Anonymization (also sometimes referred to as de-identification) is the process of replacing certain values with random but similar values. For example, the identified name of “John Smith” may be replaced with “David Jones”, or an identified phone number of 123-555-9358 may be replaced by 842-436-2042. Anonymization is useful in instances where you want to remove PHI but the original document still needs to be useful for some other purpose.
Each individual filter has its own anonymization process. Anonymization for each filter can also be independently enabled and disabled. This mean, for example, that phone numbers can be anonymized while social security numbers are simply replaced with a placeholder such as *****.
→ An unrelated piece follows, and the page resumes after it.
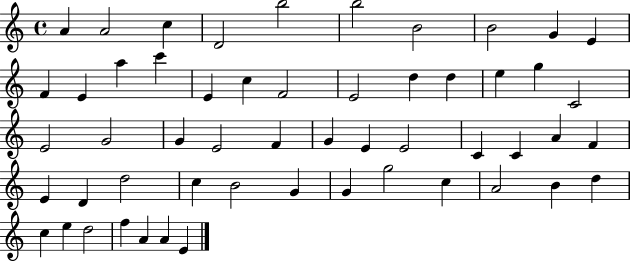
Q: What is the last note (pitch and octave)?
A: E4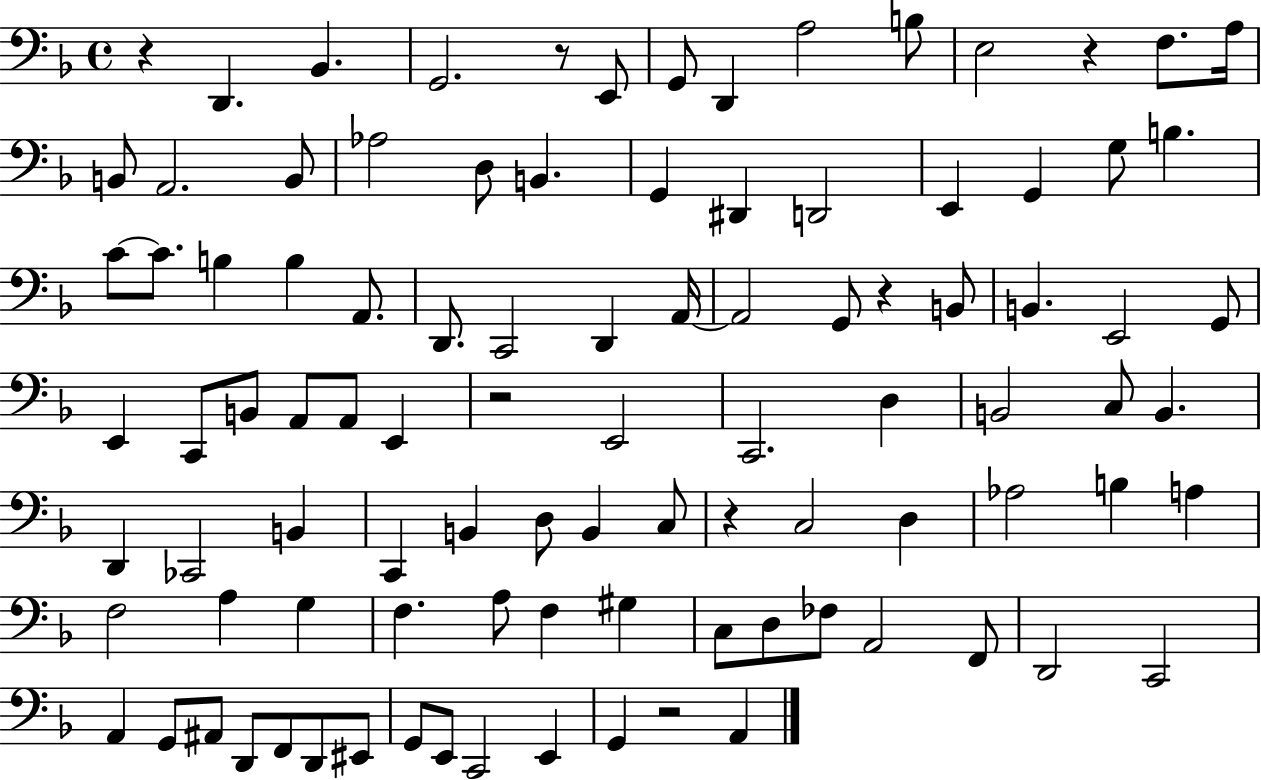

Consistent anonymization refers to the process of always anonymizing the same values with the same values. For example, if the name “John Smith” is anonymized randomly as “Pete Baker”, all other occurrences of “John Smith” will also be replaced by “Pete Baker.” Consistent anonymization can be done on the document level or on the context level. When enabled on the document level, “John Smith” will only be replaced by “Pete Baker” in the same document. If “John Smith” occurs in a separate document it will be anonymized differently. When enabled on the context level, “John Smith” will be replaced by “Pete Baker” for all documents in the same context.
Consistent anonymization on the context level requires a cache service. If a single instance of Philter is running, its internal cache service is the best choice. If multiple instances of Philter are deployed together (either behind a load balancer for REST API or for clustered streaming), Philter requires access to a Redis cache service. See the Configuration on how to set up the Redis cache.